**Task to complete**
Leave the images out and write out each entry exactly as shown.

[Start of section]

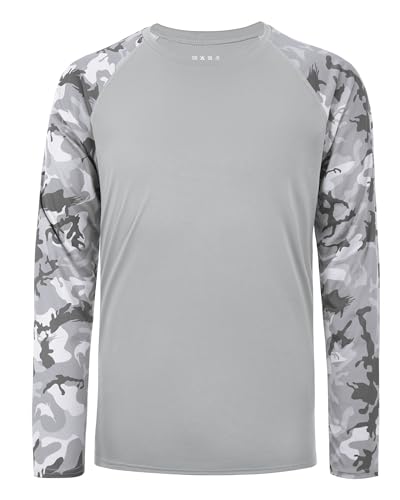 FISHEAL Long Sleeve Fishing Shirts for Men, UPF 50+ Camo Sun Protection Rash Guard, UV Shirt for Swimming Hunting Outdoor2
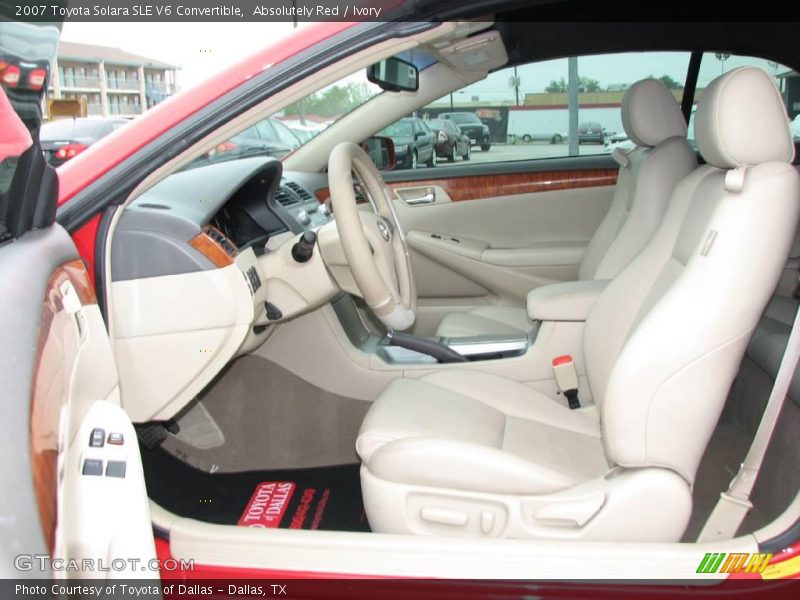 Absolutely Red / Ivory 2007 Toyota Solara SLE V6 Convertible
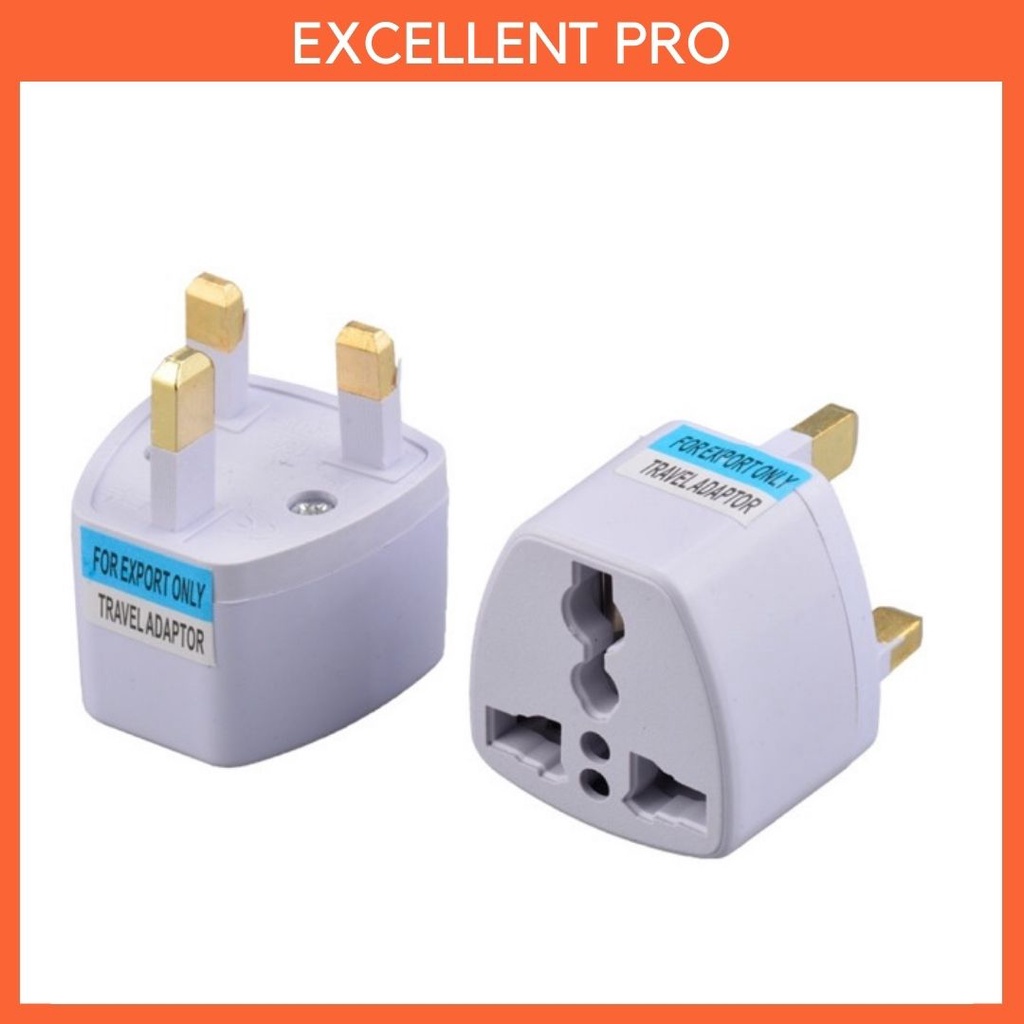 3 Pin Conversion Plug Universal Adapter British Socket Adapter Plug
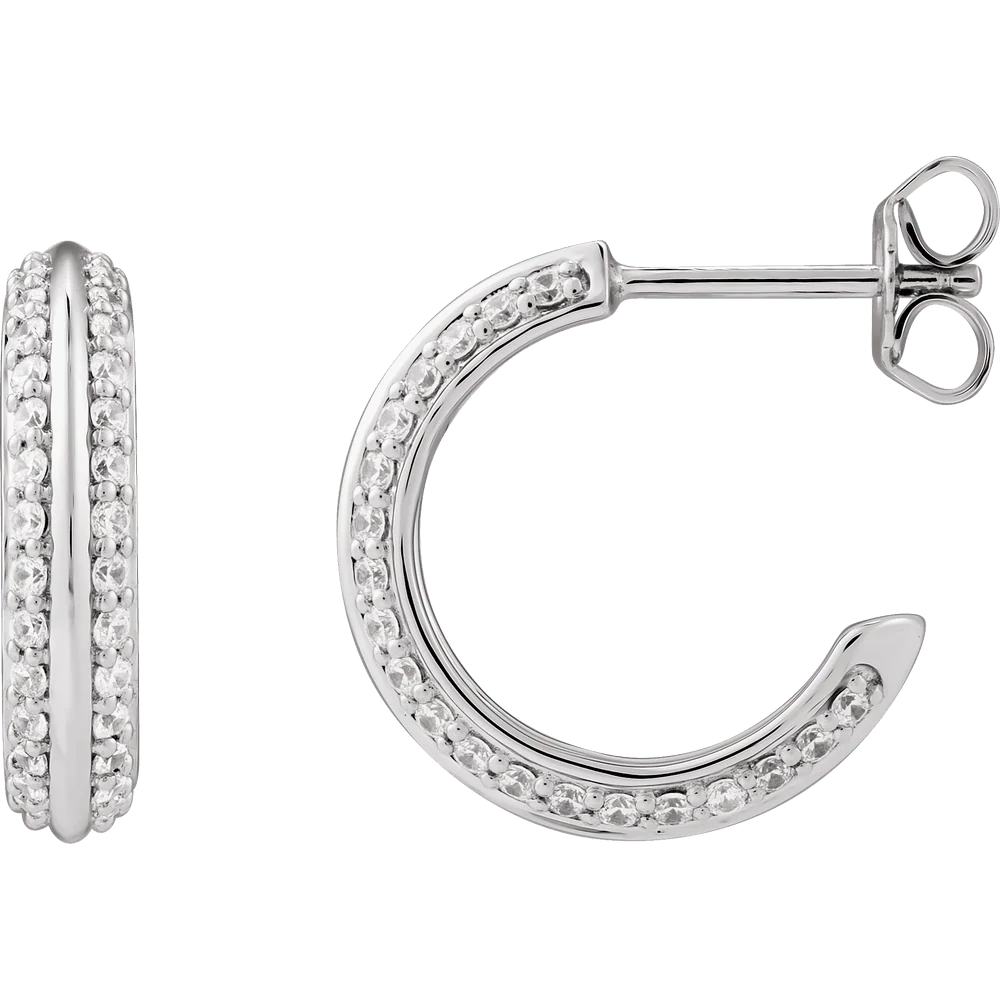 Knife Cut Diamond Hoops - Image 4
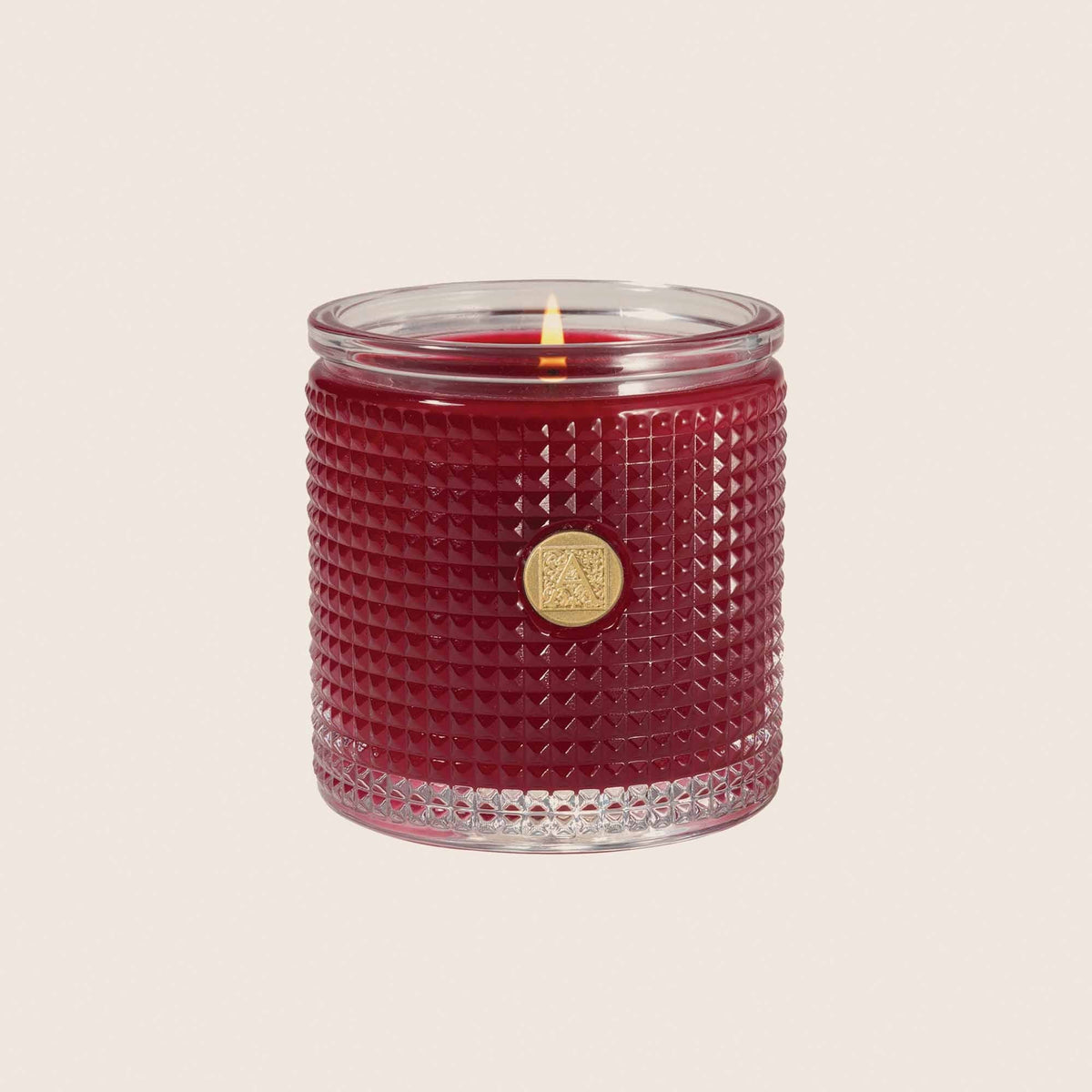 Scented Candle in Textured Glass | The Smell of Christmas | Set of 2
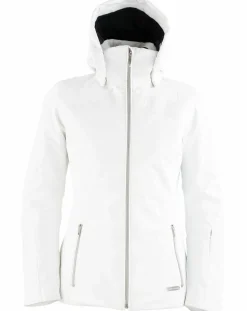 Femme Duvillard Veste de ski Olle blanche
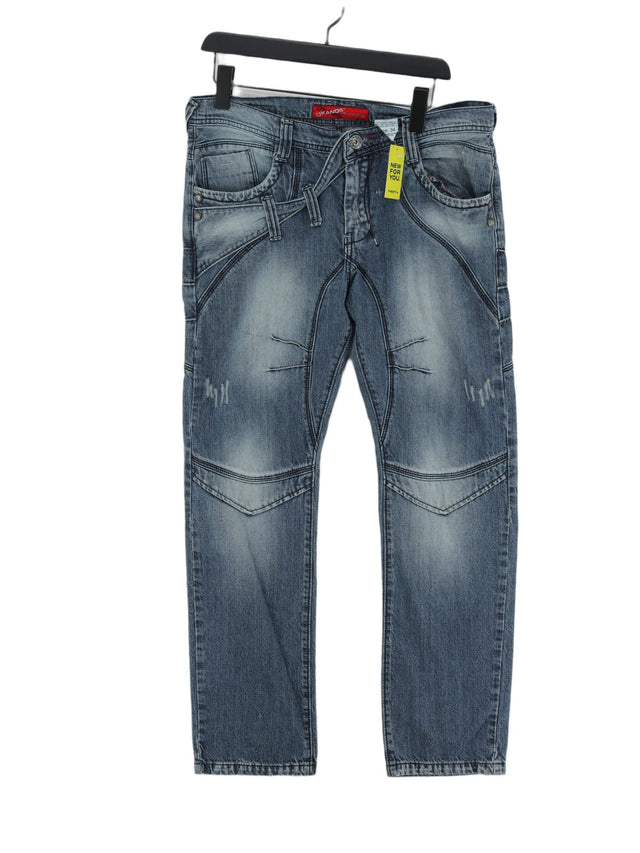 Vintage Men's Jeans W 34 in Blue 100% Cotton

[End of section]

**Solution to this task**
 FISHEAL Long Sleeve Fishing Shirts for Men, UPF 50+ Camo Sun Protection Rash Guard, UV Shirt for Swimming Hunting Outdoor2
 Absolutely Red / Ivory 2007 Toyota Solara SLE V6 Convertible
 3 Pin Conversion Plug Universal Adapter British Socket Adapter Plug
 Knife Cut Diamond Hoops - Image 4
 Scented Candle in Textured Glass | The Smell of Christmas | Set of 2
 Femme Duvillard Veste de ski Olle blanche
 Vintage Men's Jeans W 34 in Blue 100% Cotton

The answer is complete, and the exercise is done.